IKE LUCAS’s rifle came up with convulsive swiftness. The ringing shot echoed in the rocky crevasse. It did not stop Santee. He leaned back in the saddle as the roan took the slide, yanked his hat down and came on.
A series of crashes from Doc Lantry’s six-gun banged out. Then he was clambering hastily to the saddle. He knew what to expect at Reb’s hands, the second he laid eyes on him.
Lucas had disappeared behind a large rock. He reappeared, mounted. He and Lantry jumped their horses up the narrow canyon gorge. Reb had hoped to corner them here, but after a flashing glimpse of Lantry’s face, white now, the eyes like coals, they turned up a cleft and were gone. The hoofs of their horses clattered in a fast run.
Reb took the corner. There they went, up the choked gully at a gallop. His eye darted ahead.

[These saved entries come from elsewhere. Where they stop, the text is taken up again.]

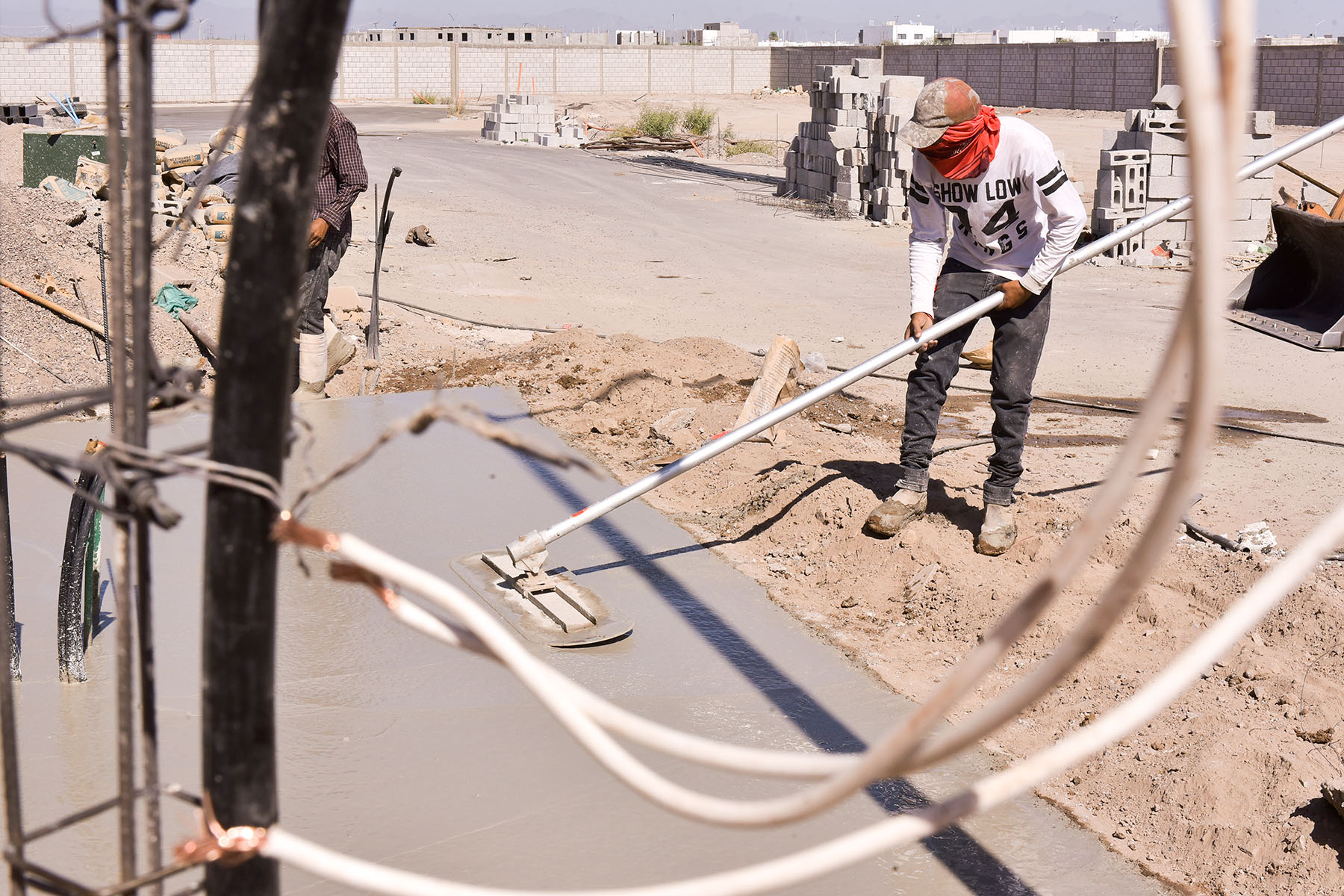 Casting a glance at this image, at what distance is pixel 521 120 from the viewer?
98.5 ft

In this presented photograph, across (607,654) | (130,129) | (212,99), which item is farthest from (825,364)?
(212,99)

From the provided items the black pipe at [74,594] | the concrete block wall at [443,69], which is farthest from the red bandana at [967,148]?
the concrete block wall at [443,69]

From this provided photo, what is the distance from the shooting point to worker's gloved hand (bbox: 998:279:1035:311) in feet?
14.2

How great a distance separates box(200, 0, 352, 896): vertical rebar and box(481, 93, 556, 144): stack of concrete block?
1171 inches

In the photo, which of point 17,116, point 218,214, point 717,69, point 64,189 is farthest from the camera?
point 717,69

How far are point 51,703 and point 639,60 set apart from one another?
53.2 metres

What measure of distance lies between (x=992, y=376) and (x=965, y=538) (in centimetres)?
64

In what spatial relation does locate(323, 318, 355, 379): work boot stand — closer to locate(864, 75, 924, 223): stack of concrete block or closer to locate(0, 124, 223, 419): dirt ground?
locate(0, 124, 223, 419): dirt ground

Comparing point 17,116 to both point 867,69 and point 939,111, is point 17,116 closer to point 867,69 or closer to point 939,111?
point 867,69

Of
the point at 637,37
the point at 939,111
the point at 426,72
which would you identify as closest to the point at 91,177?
the point at 939,111

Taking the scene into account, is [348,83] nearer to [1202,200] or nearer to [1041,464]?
[1041,464]

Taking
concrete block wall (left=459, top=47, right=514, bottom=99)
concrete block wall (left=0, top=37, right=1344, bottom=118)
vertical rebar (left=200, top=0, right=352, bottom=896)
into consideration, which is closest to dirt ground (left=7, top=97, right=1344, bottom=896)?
vertical rebar (left=200, top=0, right=352, bottom=896)

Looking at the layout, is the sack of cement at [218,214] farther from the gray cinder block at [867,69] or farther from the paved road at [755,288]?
the gray cinder block at [867,69]

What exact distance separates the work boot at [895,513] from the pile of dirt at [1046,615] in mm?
54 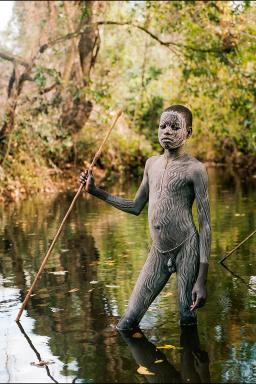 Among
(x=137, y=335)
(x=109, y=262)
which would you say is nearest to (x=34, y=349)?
(x=137, y=335)

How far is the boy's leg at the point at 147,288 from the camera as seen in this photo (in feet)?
21.3

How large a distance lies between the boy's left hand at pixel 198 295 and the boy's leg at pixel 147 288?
1.38 ft

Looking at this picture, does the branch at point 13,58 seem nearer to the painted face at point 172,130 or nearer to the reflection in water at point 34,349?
the reflection in water at point 34,349

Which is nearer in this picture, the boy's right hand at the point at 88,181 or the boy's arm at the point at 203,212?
the boy's arm at the point at 203,212

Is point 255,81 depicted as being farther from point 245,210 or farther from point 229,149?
point 229,149

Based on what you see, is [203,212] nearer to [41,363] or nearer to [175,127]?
[175,127]

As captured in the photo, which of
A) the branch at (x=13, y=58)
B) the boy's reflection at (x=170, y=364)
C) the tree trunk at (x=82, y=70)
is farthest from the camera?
the tree trunk at (x=82, y=70)

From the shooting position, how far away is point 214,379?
5.26 metres

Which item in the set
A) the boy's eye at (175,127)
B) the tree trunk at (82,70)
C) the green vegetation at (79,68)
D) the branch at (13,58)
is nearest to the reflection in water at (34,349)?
the boy's eye at (175,127)

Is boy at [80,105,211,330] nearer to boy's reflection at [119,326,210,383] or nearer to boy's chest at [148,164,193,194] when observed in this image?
boy's chest at [148,164,193,194]

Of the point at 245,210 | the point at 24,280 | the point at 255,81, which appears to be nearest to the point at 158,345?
the point at 24,280

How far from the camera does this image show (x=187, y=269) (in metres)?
6.42

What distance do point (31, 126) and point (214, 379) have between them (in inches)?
672

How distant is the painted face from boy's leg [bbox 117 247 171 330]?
0.88 m
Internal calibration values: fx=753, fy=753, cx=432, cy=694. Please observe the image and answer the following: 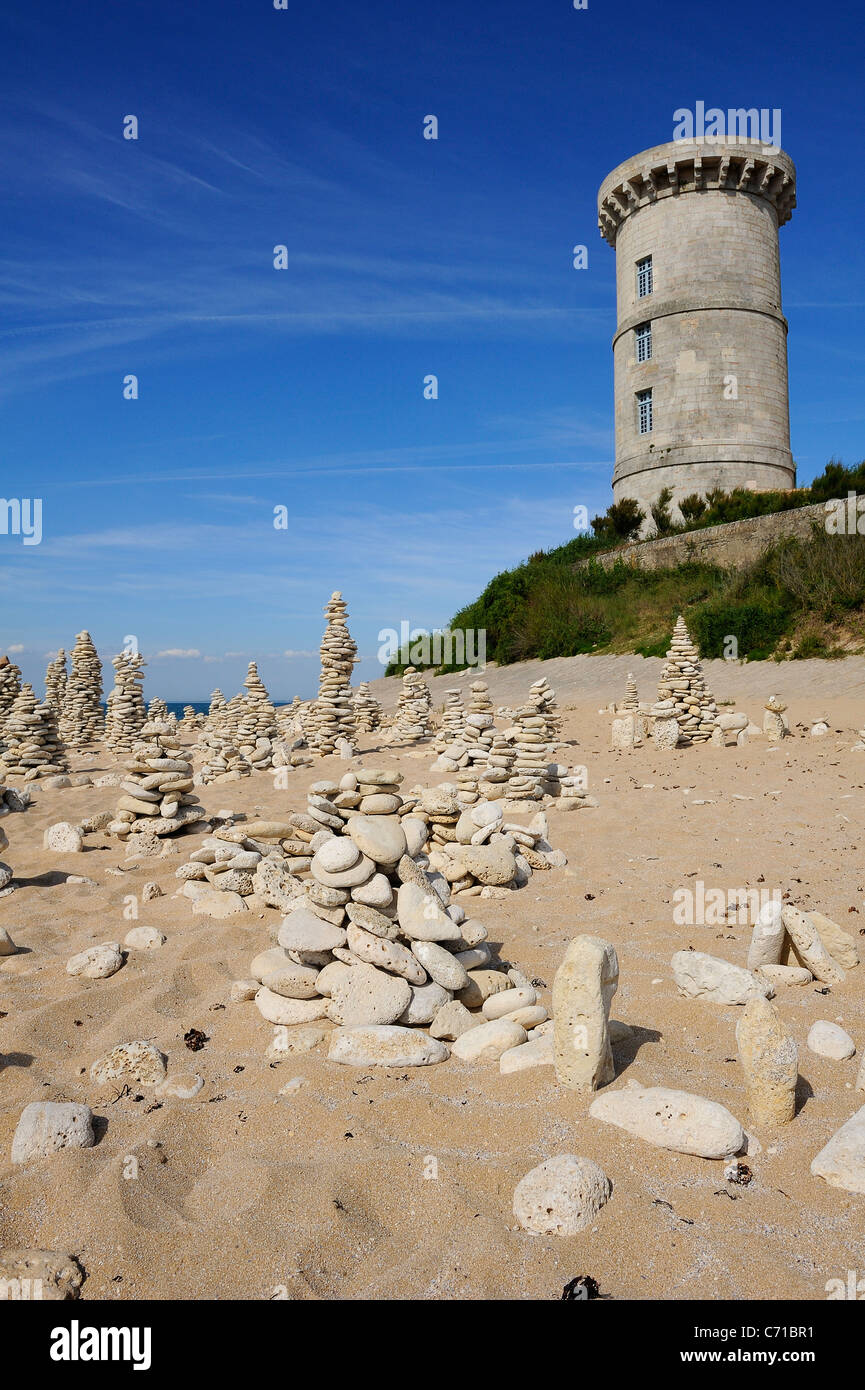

He saw then that they’d have a fair chance to escape, at least for the present. Half-a-mile above the canyon gave upon a maze of radiating gullies which worked up into the hills.
Fear drove them to flight—it seemed to drive the ponies also, for they pulled ahead. But Santee was playing his own game. There was something grim in the way he came on, undaunted by Ike Lucas’s wild shots, neither drawing up nor losing too much, his gun still in the leather.
Lucas and Lantry broke from the head of the canyon to more open ground. Still they attacked the slopes, climbing higher and higher. They hugged the aspens and the young pines, as if losing Santee to sight just across a grove were an aid to flight. At first they tried doubling back to gain time, or to lay an ambush, but as Reb doggedly pursued, glimpsing them from time to time, they straightened out and rode their hardest. Soon the tumbled folds of the Owl Creek Mountains were gathered all about them.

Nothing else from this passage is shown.